The manifestations caused by the flux confused her. She was no magic user, even if she could see magic at work, but fluxes were nothing more than swells of power, sometimes channeled by sorcerers for good or evil, but neutral on their own. “I don’t understand. Wild magic isn’t malicious or vengeful; just unpredictable. Why has this pool changed you so much and imprisoned you here?”

He stiffened against her. “You’ll have to talk to Ambrose about such things. He’s the wizard, not I.” His voice had sharpened, whetted on a biting sarcasm that took her aback and signaled an end to any more conversation on the topic.

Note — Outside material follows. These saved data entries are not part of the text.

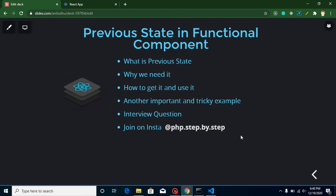Hi everyone, welcome back to my channel. My name is Anil, and in this React.js video tutorial we will learn what is previous state and how we can use it in a functional component. In this video we will learn two examples for previous state — both are very important for interviews. One is a logical example and the second one is a trick example. Let's go through the points: we will learn what is previous state and why we need it.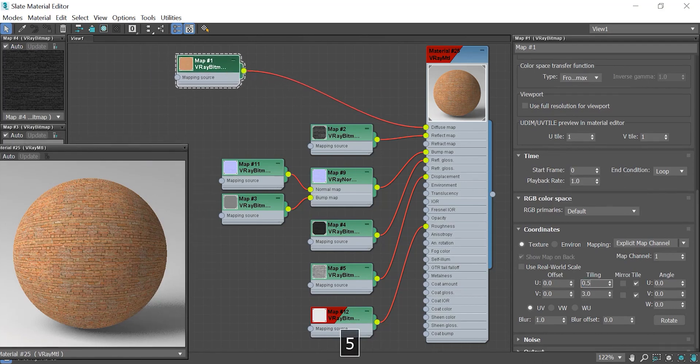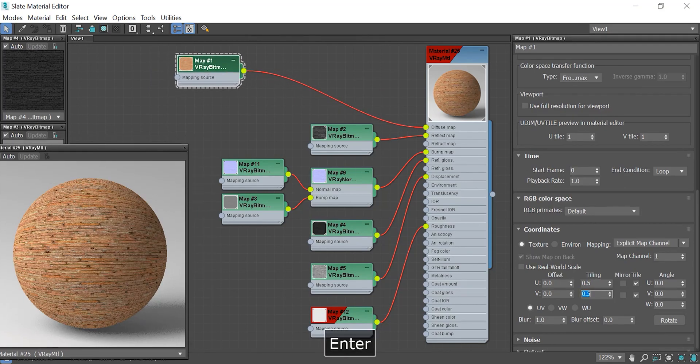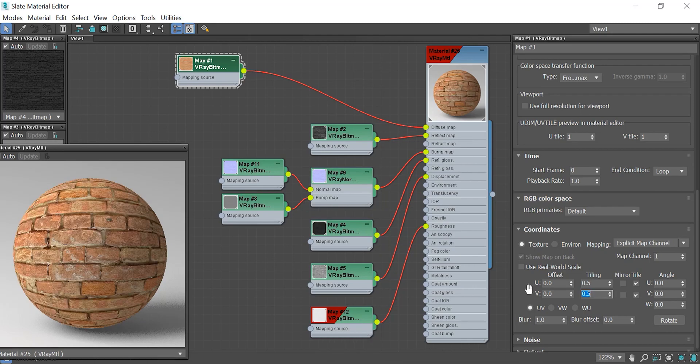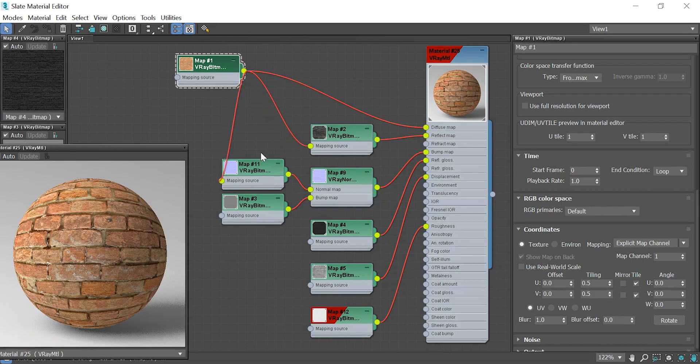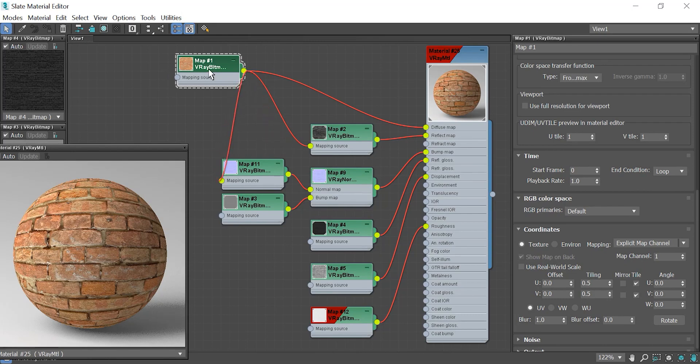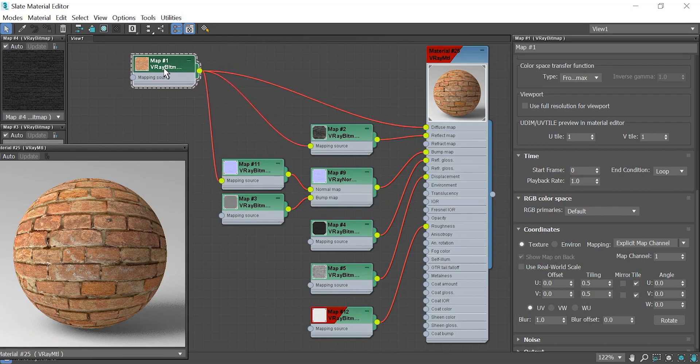I increase the scale of the texture just to be more noticeable in this exercise. As I'm connecting the diffuse map to the mapping source, the result slightly changes in the preview.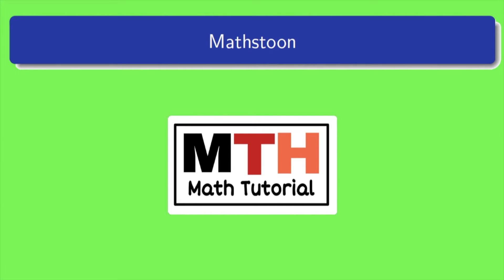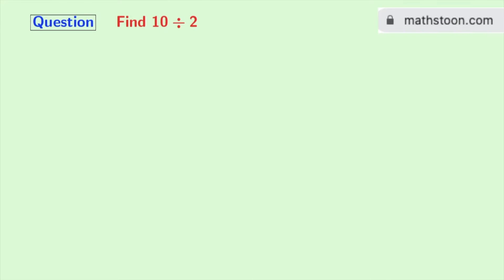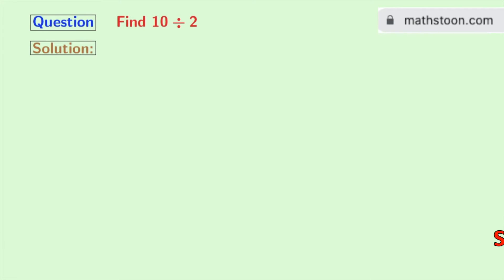Hi friends, welcome to MathStone. In today's video, we will learn to find 10 divided by 2. So let's start.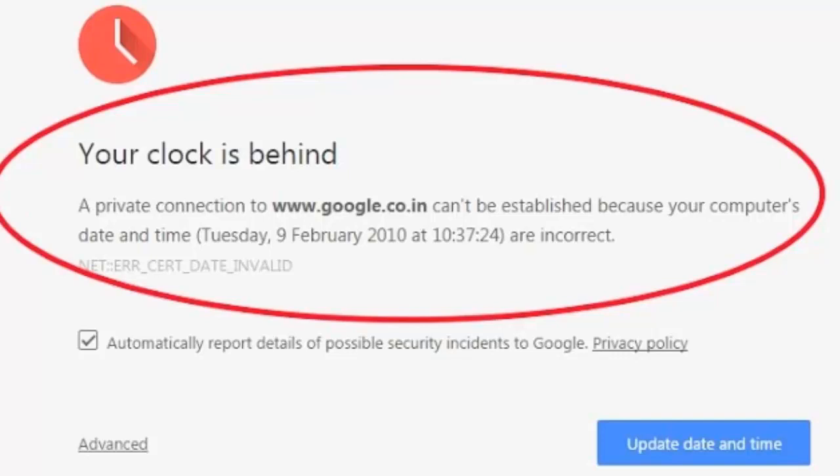In today's video, we are going to learn how to fix an issue where the clock is ahead or behind. This issue can occur when we are browsing the internet and we get this message saying the time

Louvaen heeded the warning and went quiet. She’d never been one to tiptoe around people, preferring a straightforward approach that was sometimes heavy-handed. It had made her more enemies than friends, but no one was ever unsure where they stood with her. She didn’t believe her question insulted Ballard, but something she said had split the scab on an old wound that still smarted, and he’d snarled in response. One part of her understood this and respected his boundary; the other part bristled, stung by his suddenly hostile manner. She swallowed a biting retort and strangled the temptation to box his ears.

A gravid silence swelled between them. Several times during her stay at Ketach Tor she’d kept wordless company with Ballard, an easy quiet with only the rhythmic tap of her foot on the spinning wheel’s treadle to mar it. This was different.

Louvaen sat up straight and pulled her hands from where they rested against Ballard’s sides. He captured one hand, pressing it hard to his ribs. “Don’t,” he said. “Don’t draw away from me.” He tugged her hand upward and bent to kiss her gloved fingertips. His tone remained somber but no longer carried the earlier hostility. “There are regrets hard to ponder, even harder to speak of. I can’t answer your question, Louvaen; I won’t. I value your regard too much to lose it.”

Louvaen tilted her head, puzzled by the ominous statement, and shivered within her cloak as a chill that had nothing to do with the weather drizzled down her back. “I can be a fishwife of the worst sort, my lord, but I’m a lot more forgiving than most people think. I would hope to comfort instead of judge.”

He tugged on her hand a second time, forcing her to lean into his back once more as he wrapped her arm snugly around his middle. Her other arm soon joined, and she embraced him fully. “Your companionship is my greatest comfort, mistress.”

“I’ll remind you of that the next time I dive naked into that ice pit you call a bed.”

He rewarded her jesting with a soft chuckle, and relaxed in the saddle. “You accuse me unjustly now, Louvaen. The bed’s been warm these past nights.”

She couldn’t argue that one. He’d wielded the warming pan as enthusiastically as he did a sword, telling her several times that his reward for the effort far outweighed the humbleness of the task. Louvaen made sure she rewarded him as often as possible for the kindness.

They continued their journey along the boundaries of his diminished demesne, riding beside fenced pasture land that held the flock of wooly sheep Ambrose both guarded and despised and passing fields sleeping fallow for winter. Ballard pointed to the ones closest to where they rode.